Галка была уже в халатике и поправляла сбившиеся на лоб волосы.

— Провал, — сказал я и сел к столу.

Галка закрыла рот рукой, чтобы не вскрикнуть.

— Седой?

— Пока только я.

И я рассказал Галке о разговоре в гестапо.

— Надо тебе бежать. И немедленно.

— Куда и как?

— У тебя же есть ночной типографский пропуск.

— Пропуск отобрали в гестапо.

— Попробуй тем же путем вернуться домой. Я предупрежу товарищей.

— О том, что я прокаженный? Не поможет. Пауль заберет всех моих школьных друзей. Для профилактики. Первой будешь ты.

— Я скроюсь. Других предупредим. Важно дождаться возвращения Седого.
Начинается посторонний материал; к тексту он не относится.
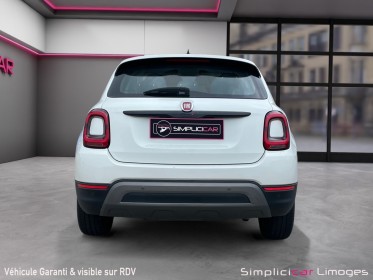 Fiat 500x my19 1.0 firefly turbo t3 120 ch city cross occasion simplicicar limoges  simplicicar simplicibike france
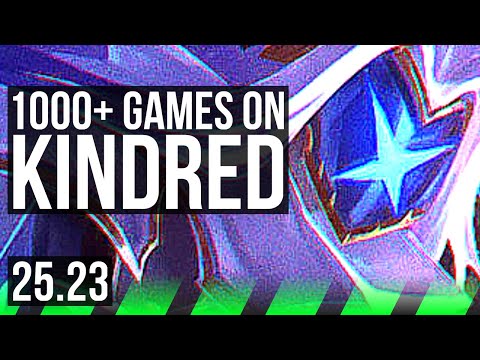 KINDRED vs SYLAS (JGL) | Quadra, 1000+ games | KR Master | 25.23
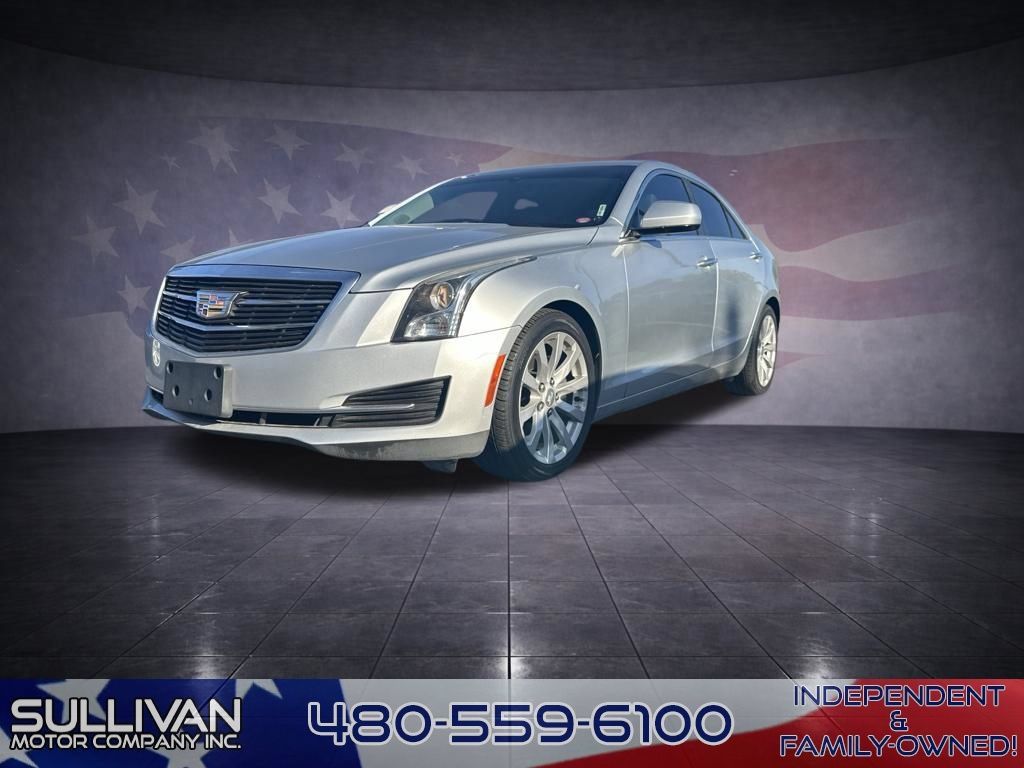 Used 2017 Cadillac ATS 2.0T Sedan RWD image 1
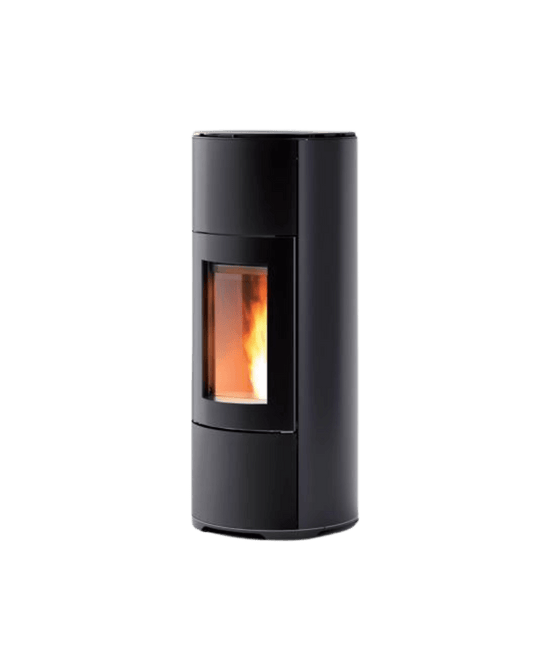 Sobă peleți MCZ HALO M1 - 8.1 kW - Negru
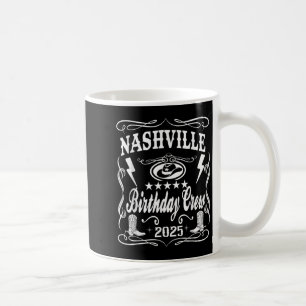 Nashville Birthday Bash 2025 Whiskey Theme Kaffeetasse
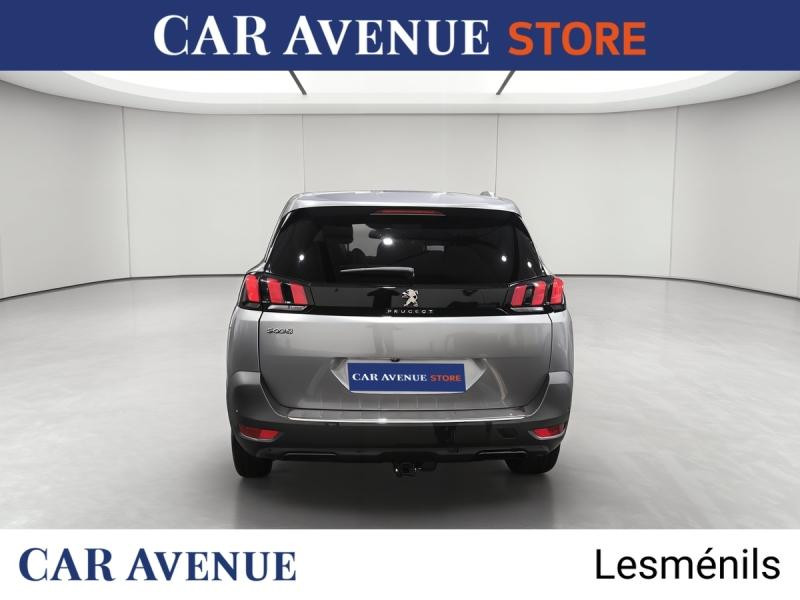 Occasion PEUGEOT 5008 1.5 BlueHDi 130ch S&S Allure Business EAT8 2020 Gris Platinium (M) 19990 € à Lesménils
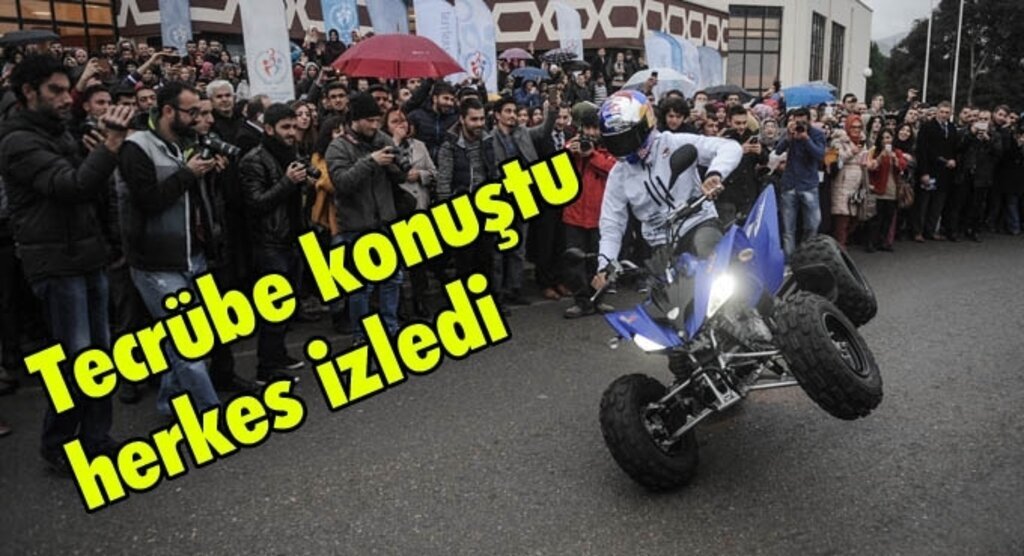 Tecrübeler Samsun'da konuştu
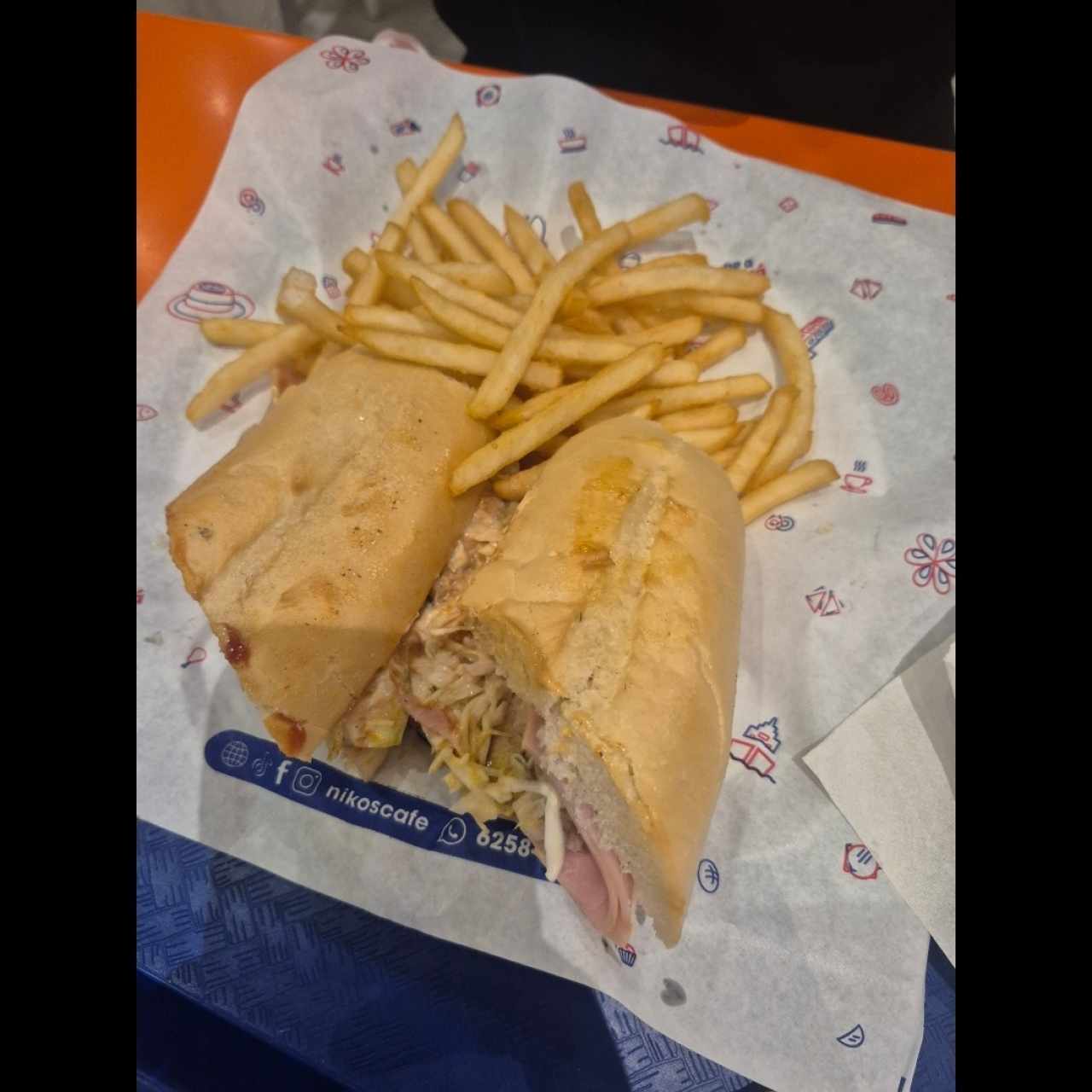 Combo - combinación + acompañamiento + bebida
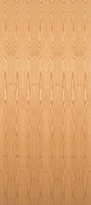 Red Oak Flush Door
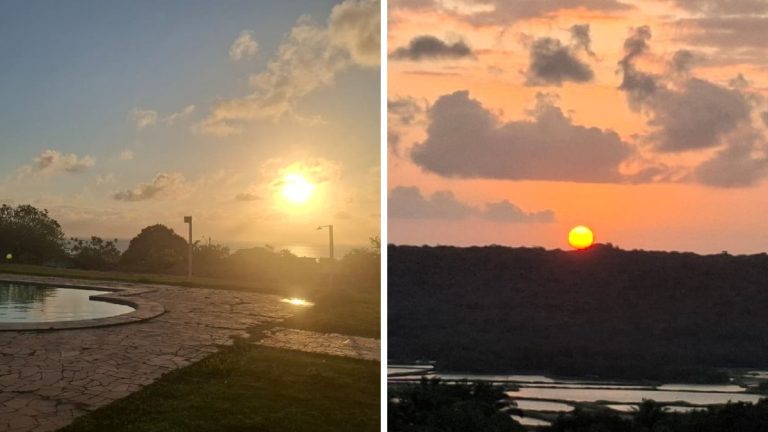 Itamaracá em dois tempos: o único ponto da ilha para ver o nascer e o pôr do sol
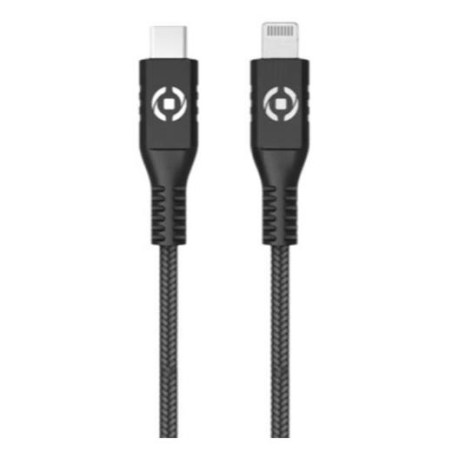 PL2MUSBCLIGHT CELLY CABLE USB TIPO USB-C/M A LIGHTNING NEGRO 2 M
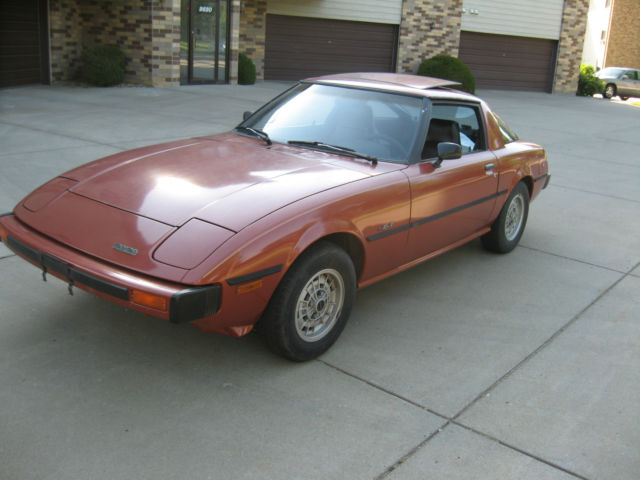 1979 Copper Metallic Mazda RX-7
Что-нибудь придумает.

— У нас нет времени.

— Что же ты предлагаешь?

— Уничтожить Павла. Пострадаю только я.

— Чему поможет это самопожертвование?

— Подполью.

Галка задумалась. В свете огарка ее, лицо казалось серым, как асфальт.

— Есть выход. Я разбужу Тимчука. Ты знаешь, ему нужно постучать в стенку с лестницы. Спит чутко.

Через десять минут явился Тимчук, заспанный, но одетый и с автоматом через плечо. Зевал он так, что трещали челюсти.

— Не рассказывай — знаю. У нас добрых три годыны. Выведу вас как арестованных без ночных пропусков, вроде бы в комендатуру, а на самом деле к Кривобалковским катакомбам. Вход знаю.

— А патруль?

— Прошмыгнем. Если не поверят, кончим. Больше двух человек не ходят. Ты одного, я другого. — Он протянул мне новенький «вальтер». — Стреляй в упор, прижав дуло к телу, — меньше шума.

Как мы дошли, вспоминать не хотелось. Длинно и муторно. Но все-таки я доказал Паулю, что даже один просчет в партии может окончиться поражением сильнейшего.

Потом нам сказали, что гауптштурмфюрер Гетцке бренное свое существование закончил. Его умертвили ручной гранатой на Соборной площади, когда он, выйдя из машины, зачем-то пошел к киоску напротив. Взрывом сорвало ему все лицо, так что узнали Гетцке только по документам. Повторяю, я долго жалел потом, что то была не моя граната.